[Exercise materials]
----

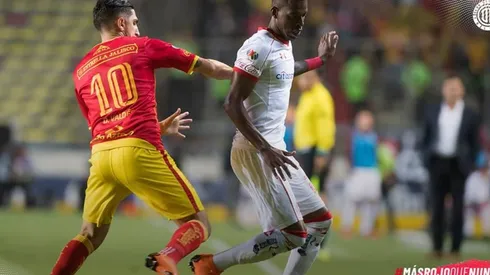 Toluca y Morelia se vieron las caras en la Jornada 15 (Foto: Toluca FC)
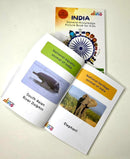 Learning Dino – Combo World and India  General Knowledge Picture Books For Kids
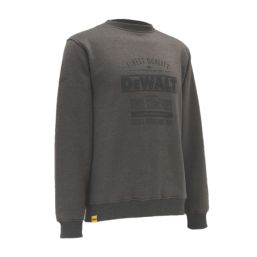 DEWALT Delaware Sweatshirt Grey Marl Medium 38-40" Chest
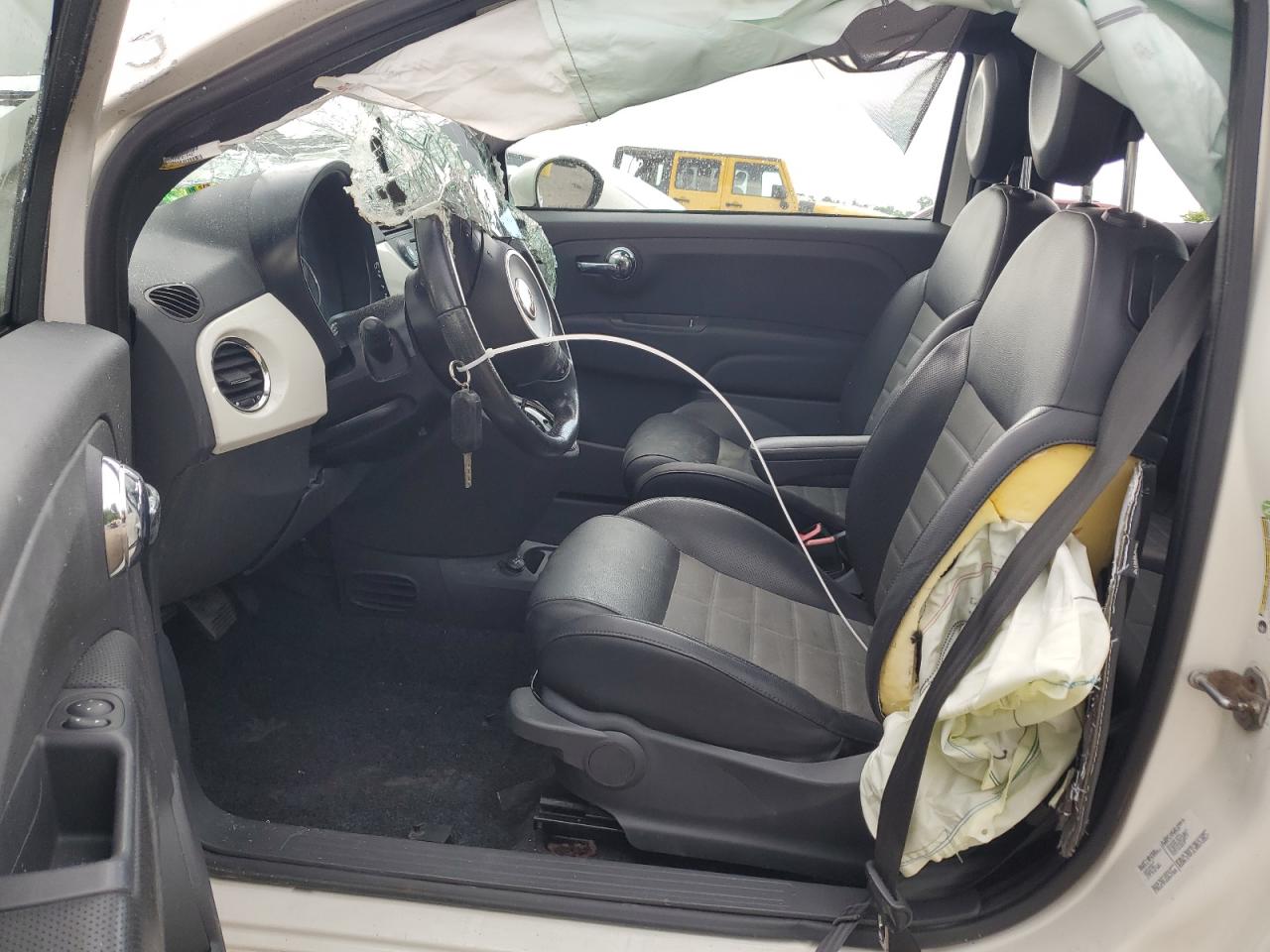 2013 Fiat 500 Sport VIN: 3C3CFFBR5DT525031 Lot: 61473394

----

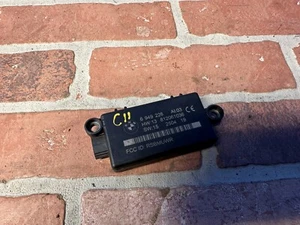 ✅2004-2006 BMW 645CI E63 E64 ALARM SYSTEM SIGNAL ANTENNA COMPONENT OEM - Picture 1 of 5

----

[Exercise goal] Your reply should hold nothing but the lines above, from the one containing "Toluca y Morelia" to the one containing "2013 Fiat 500", reproduced exactly minus the pictures.

[Solution for this task]
 Toluca y Morelia se vieron las caras en la Jornada 15 (Foto: Toluca FC)
 Learning Dino – Combo World and India  General Knowledge Picture Books For Kids
 DEWALT Delaware Sweatshirt Grey Marl Medium 38-40" Chest
 2013 Fiat 500 Sport VIN: 3C3CFFBR5DT525031 Lot: 61473394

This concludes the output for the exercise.